Route 78 is another way to come into Newark. As you pass through Millburn, Springfield, Vauxhall, Union and Hillside, you discover two sets of three lanes divided by concrete barriers. Green space with large trees and grassy hillsides border both sides of the road. As you draw closer to Newark, a long row of red apartments replaces the trees, and the hills give way to a mixture of residential and commercial properties. Soon this landscape changes into confusing mix of light and heavy industrial buildings. At that point, Route 78 splits. Immediately in front of you is the bustling airport. Continuing along in this direction, you merge into a spur of the New Jersey Turnpike, which will take you across Newark Bay and into Hudson County. Like the New Jersey Turnpike, Route 78 is an enormously important pathway for travel into New Jersey, capable of handling an incredible amount of traffic.
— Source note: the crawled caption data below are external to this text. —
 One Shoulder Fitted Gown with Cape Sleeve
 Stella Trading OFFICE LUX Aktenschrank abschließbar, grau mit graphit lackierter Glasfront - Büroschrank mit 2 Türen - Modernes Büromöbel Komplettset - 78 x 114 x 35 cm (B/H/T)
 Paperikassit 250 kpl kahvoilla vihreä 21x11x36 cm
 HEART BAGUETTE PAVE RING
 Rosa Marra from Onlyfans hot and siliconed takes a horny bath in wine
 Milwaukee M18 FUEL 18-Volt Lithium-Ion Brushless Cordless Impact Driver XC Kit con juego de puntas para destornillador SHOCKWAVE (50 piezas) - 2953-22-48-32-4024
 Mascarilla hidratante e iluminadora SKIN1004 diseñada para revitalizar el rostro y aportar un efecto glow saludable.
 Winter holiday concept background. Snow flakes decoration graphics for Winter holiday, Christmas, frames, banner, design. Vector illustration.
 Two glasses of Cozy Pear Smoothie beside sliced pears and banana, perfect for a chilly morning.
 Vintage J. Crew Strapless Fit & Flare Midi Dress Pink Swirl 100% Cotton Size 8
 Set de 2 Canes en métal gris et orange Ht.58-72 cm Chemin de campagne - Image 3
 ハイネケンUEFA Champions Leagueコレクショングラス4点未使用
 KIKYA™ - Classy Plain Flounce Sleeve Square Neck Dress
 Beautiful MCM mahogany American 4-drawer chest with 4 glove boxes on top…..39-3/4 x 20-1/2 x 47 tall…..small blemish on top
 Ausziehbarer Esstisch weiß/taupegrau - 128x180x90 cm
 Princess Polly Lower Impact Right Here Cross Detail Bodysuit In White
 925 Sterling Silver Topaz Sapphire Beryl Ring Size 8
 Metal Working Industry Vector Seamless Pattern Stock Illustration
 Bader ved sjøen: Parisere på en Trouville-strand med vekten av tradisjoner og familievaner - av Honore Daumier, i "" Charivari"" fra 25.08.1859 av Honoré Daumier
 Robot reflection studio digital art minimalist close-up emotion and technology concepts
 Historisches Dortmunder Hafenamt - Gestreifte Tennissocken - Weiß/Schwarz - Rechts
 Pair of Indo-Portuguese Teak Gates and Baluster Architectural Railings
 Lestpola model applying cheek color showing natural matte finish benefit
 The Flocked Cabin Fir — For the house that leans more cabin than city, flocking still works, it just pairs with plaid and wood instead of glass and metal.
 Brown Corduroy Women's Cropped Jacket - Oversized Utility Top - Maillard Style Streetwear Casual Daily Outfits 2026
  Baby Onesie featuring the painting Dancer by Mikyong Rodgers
Like Route 280, it has its negative side when you consider what its construction did to Newark's Weequahic section. Still, it has created great advantages for the area as well as northern New Jersey. For one, it has opened up a large portion of the state, especially Union County, to increased development and enlarged the commercial influence of New York and Newark.

And so, we have journeyed along some of Newark's major roads, viewing the contemporary sights. Three hundred and thirty-three years after Robert Treat laid out his Broad Street, Newark remains a vibrant center, in part because of all the roads that have merged into one of the nation's best designed road systems.